- _WHAT TO DO_: In this exercise, return the whole listing exactly, excluding any images.

START DATA UNDER STUDY

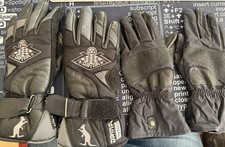Motorradhandschuhe von BMW und Motorrad-Thermohandschuhe Schwarz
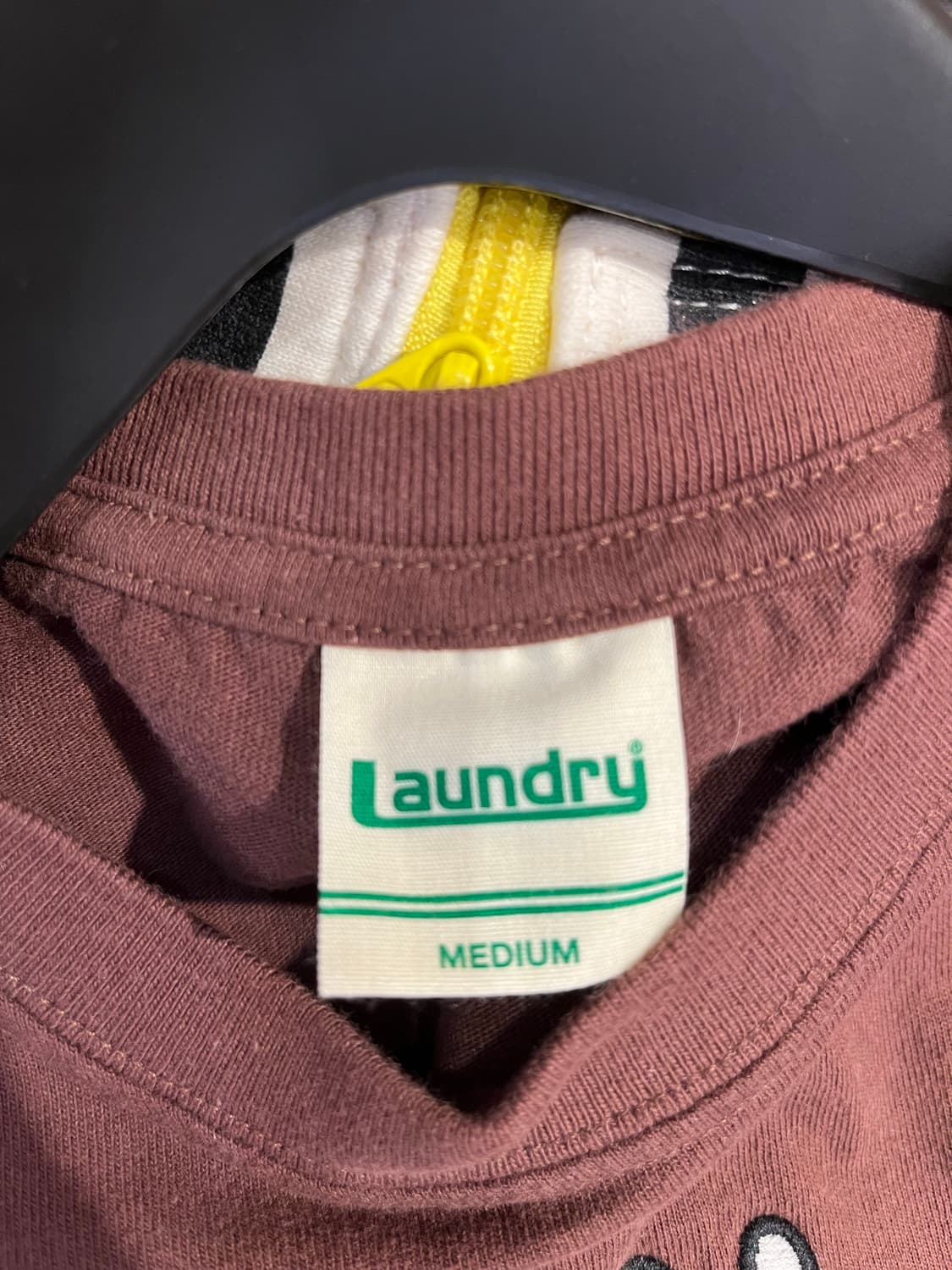 일본 Laundry 맨투맨 상품이미지5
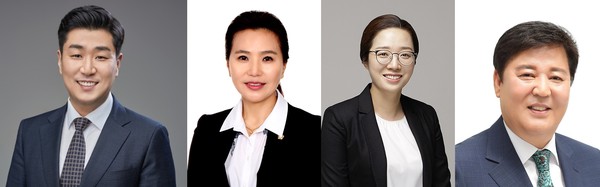황도영·하주아·천신애·조기주 광주 남구의회 의원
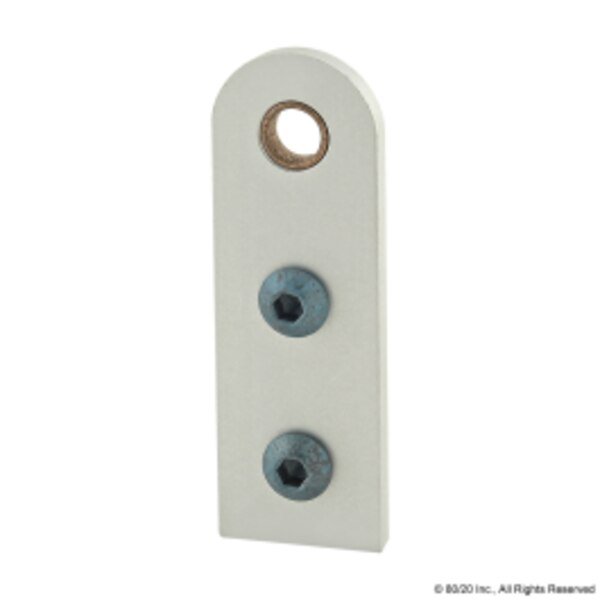 Straight Arm Pivot 75mm 25 S, 80/20, Mfr# 25-4185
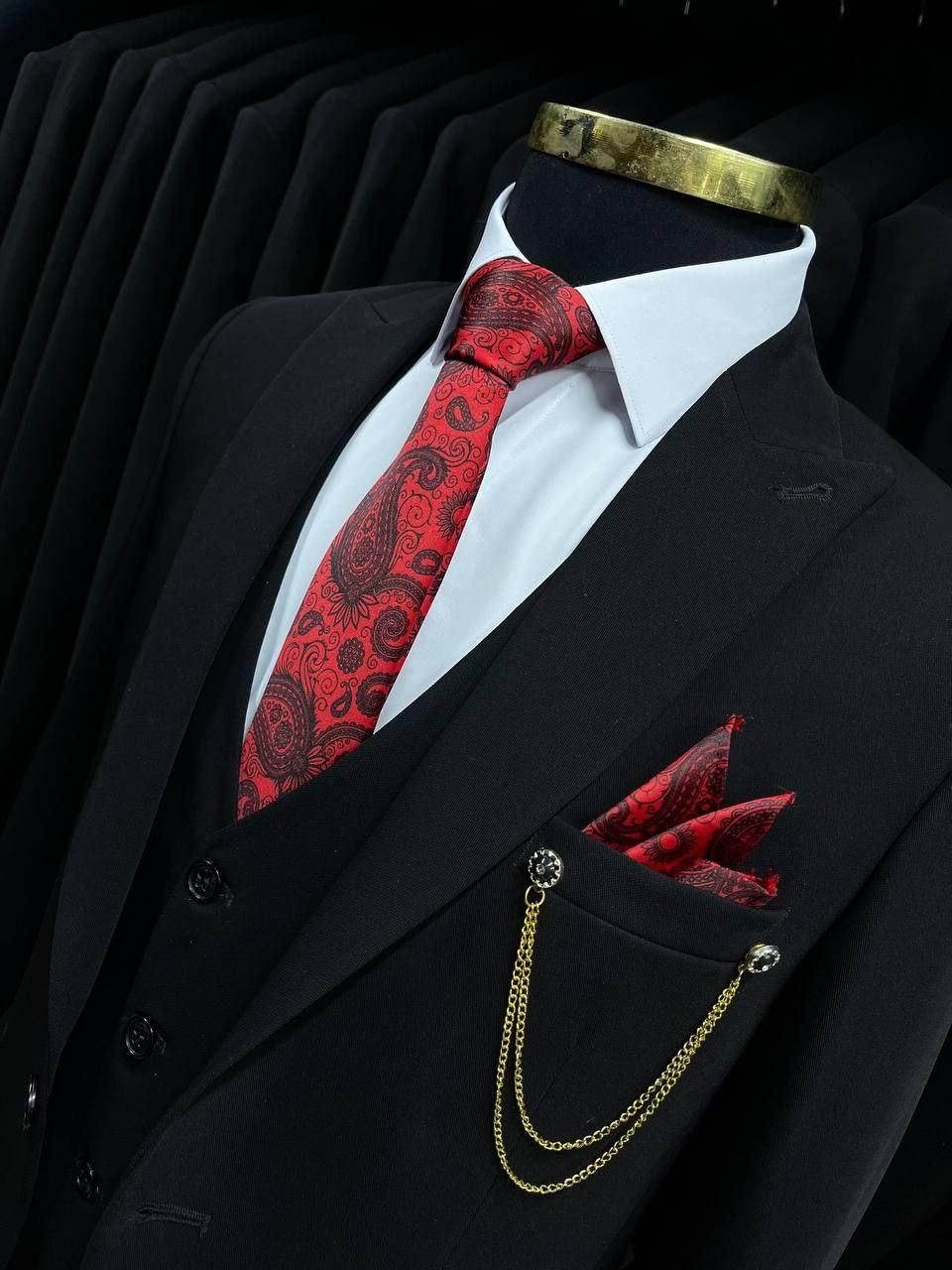 کت شلوار با جلیقه جدید دو رو|لباس|اصفهان, چرخاب|دیوار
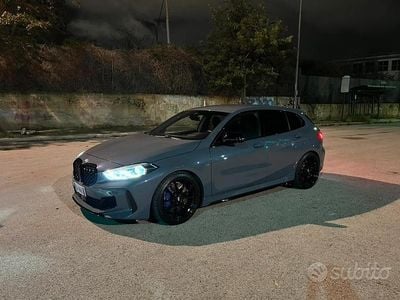 Usata BMW 135 Sport Line 306 CV (225 kW) 2020 Grigio Utilitaria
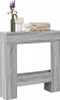 vidaXL Obestavba krbu Grey Sonoma 81x18x82 cm Materiál na Náhled obrázku produktu 2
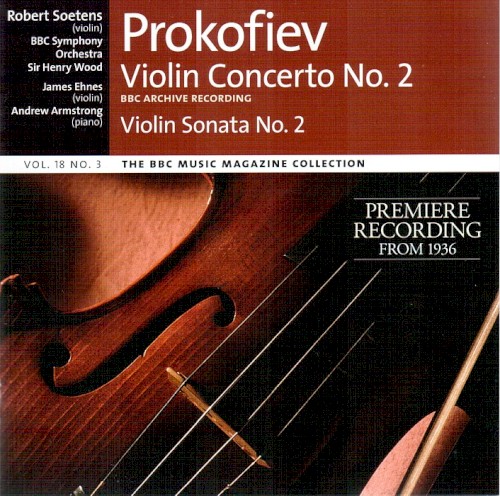 BBC Music, Volume 18, Number 3: Violin Concerto no. 2 / Violin Sonata no. 2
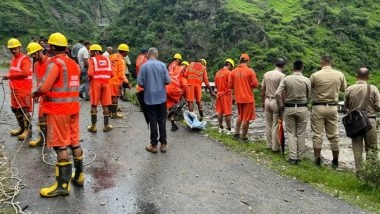 India News | More Than 50 Missing After Himachal Cloudburst, HM Amit Shah Assures State of Central Assistance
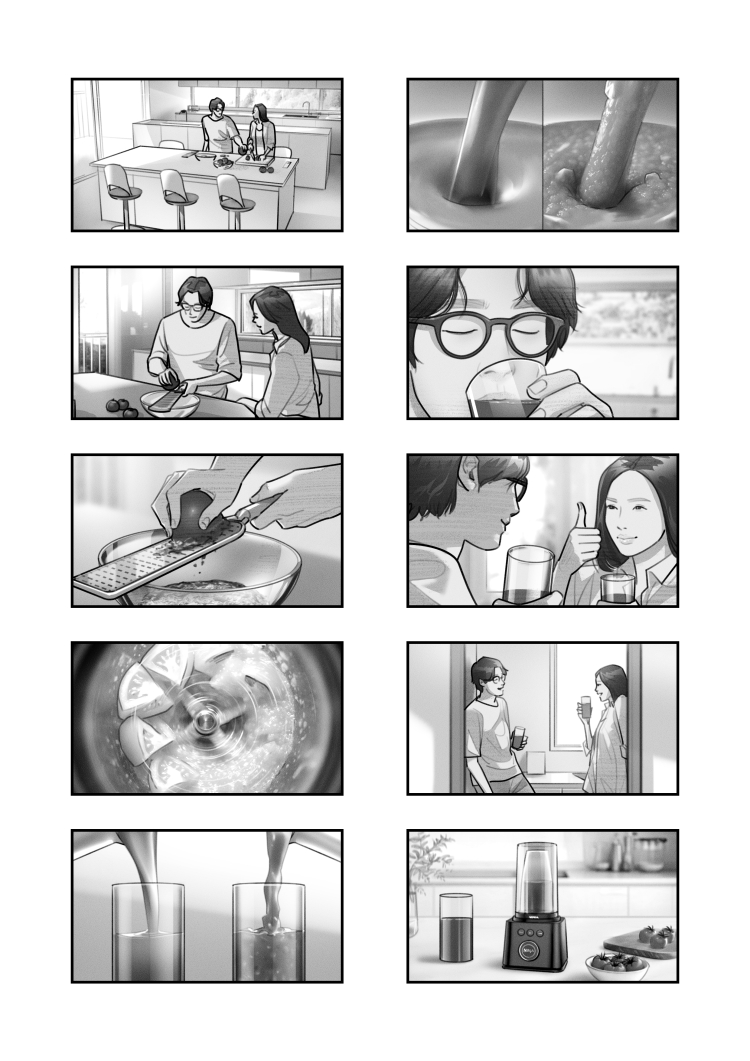 스토리보드 이미지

END DATA UNDER STUDY

- _SOLVED PROBLEM_:
Motorradhandschuhe von BMW und Motorrad-Thermohandschuhe Schwarz
 일본 Laundry 맨투맨 상품이미지5
황도영·하주아·천신애·조기주 광주 남구의회 의원
 Straight Arm Pivot 75mm 25 S, 80/20, Mfr# 25-4185
 کت شلوار با جلیقه جدید دو رو|لباس|اصفهان, چرخاب|دیوار
 Usata BMW 135 Sport Line 306 CV (225 kW) 2020 Grigio Utilitaria
 vidaXL Obestavba krbu Grey Sonoma 81x18x82 cm Materiál na Náhled obrázku produktu 2
 BBC Music, Volume 18, Number 3: Violin Concerto no. 2 / Violin Sonata no. 2
 India News | More Than 50 Missing After Himachal Cloudburst, HM Amit Shah Assures State of Central Assistance
 스토리보드 이미지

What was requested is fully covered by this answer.